Chalmers points out that psychology and neuroscience have made significant progress toward increasing our understanding of sapience – psychological consciousness… In contrast, we seem to have made little or no progress in understanding sentience. What understanding we do have consists mainly in the discovery of brute correlation between conscious episodes and neurological events. The identification of correlation represents at most a starting point for explanation, however, not a settled goal. Unlike the case of sapience, where it is reasonable to expect incremental progress, it is hard to see what we could do to move ahead in our understanding of the basis of consciousness.” - John Heil

One way we can appreciate our progress with sapience is with the fantastic growth of the cognitive sciences (as well as cognitive psychology). The language of thought hypothesis (LOT) is also an example of this; along with neuro-computationalism and connectionism. All are concerned with sapience – or psychological consciousness. But what about sentience? Where are the research projects in sentience? Could there even be such things as research projects in sentience?
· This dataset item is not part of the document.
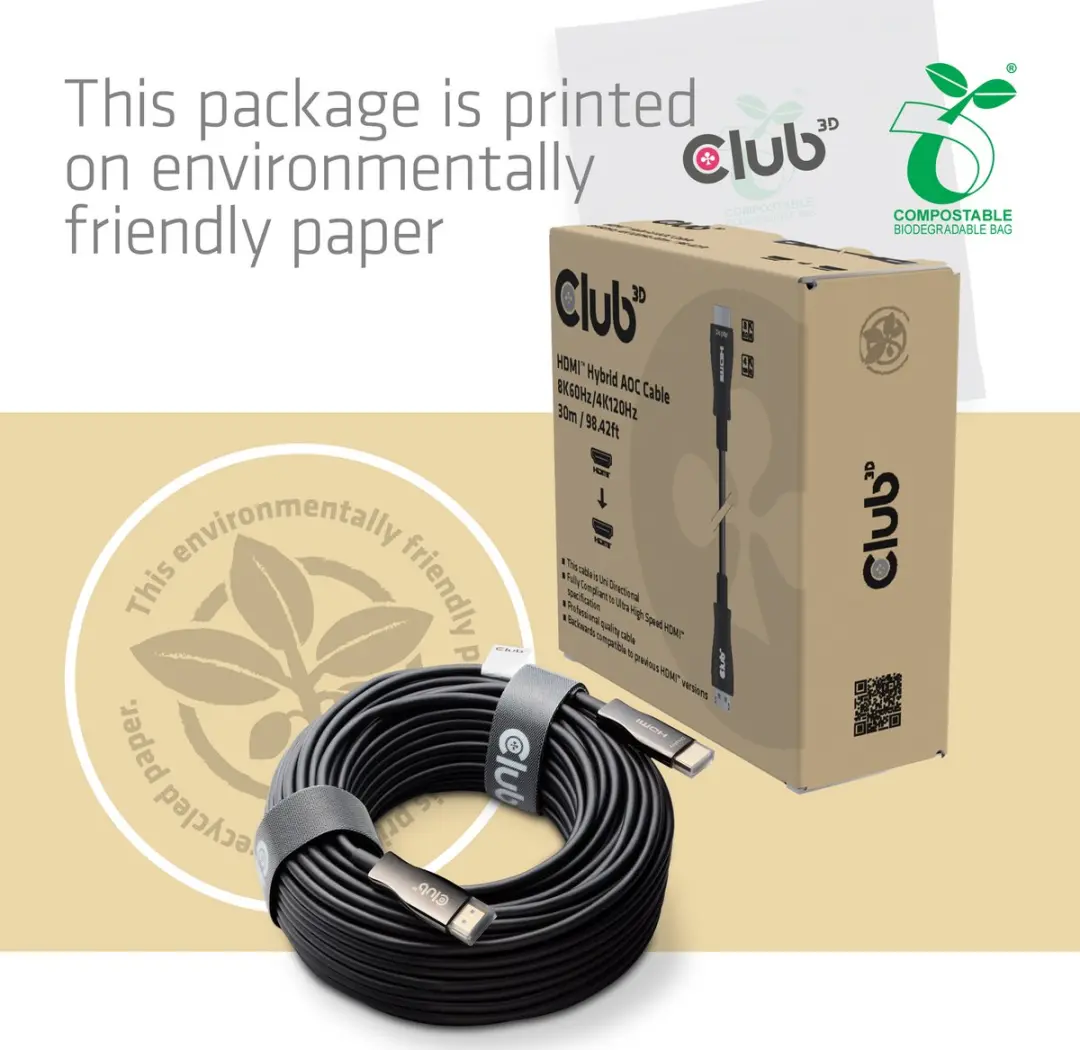 Club 3D HDMI Hybride AOC-kabel 8K60Hz CAC-1392 - 30m - Zwart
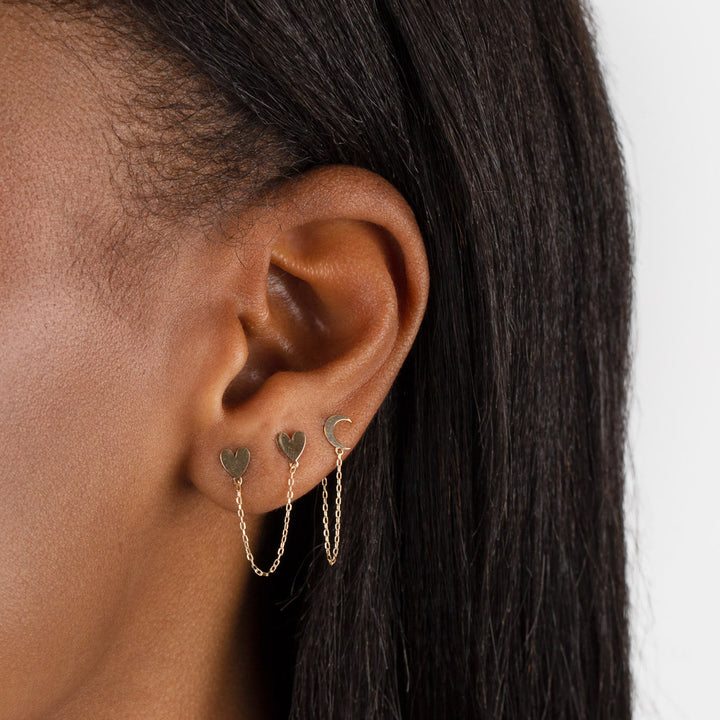  Double Heart Chain Stud Earring 14K - Adina Eden's Jewels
Chalmers is correct to argue that the discovery of brute correlations (or connections) between conscious states and physical states is only the beginning of the story – or, at the least, a different story to the story of sentience altogether. Chalmers last point is very telling, if not overtly pessimistic. He writes that

it is hard to see what we could do to move ahead in our understanding of the basis of consciousness”.

Perhaps this word ‘basis’ is incorrectly used here. We do indeed partly know the basis of consciousness. What we don’t know is the why-of-consciousness. What we can't explain is why a conscious state should arise out of such a physical basis in the brain. The correlates are known; though not why they are correlated.

Some philosophers seem to offer a way out of this impasse that is, quite frankly, little more than a cop-out. In general terms, they “hope that sentience [will be] reducible to sapience” [601]. Surely this couldn’t be the case.

This is the position on offer:

"… all there is to being conscious is acting and interacting intelligently in a complex environment (see e.g. Dennet 1991)."

Acting thus and so is to be conscious. What of feelings and other sensuous states? These are species of sapient state. Functionalists, for instance, may hold that, to be in pain is to be in a state with the right sorts of cause and effect. Pains are caused by tissue damage and result in aversive behaviour (including the formation of various beliefs and desires).

This is indeed a reductive explanation of consciousness. It seems, to me, to be obviously false and even disingenuous in nature. How could anyone really believe that consciousness is our acting and interacting in a complex environment? How could anyone believe that acting thus and so is to be conscious? No. Consciousness comes along with interacting intelligently. Consciousness comes along with functional roles as well. Pain, on the functionalist picture, is indeed caused by tissue damage. And it's true that pain results in the right sorts of aversive behaviour (including the formation of various beliefs and desires about pain and ways of escaping pain). But all these causes and effects are accompanied by consciousness. They aren't examples of consciousness. They may even be the necessary accompaniments of consciousness; though they aren't sufficient for it. It's is incredible, again, that any philosophy could uphold these reductive (or functionalist) explanations of consciousness. And yet they do!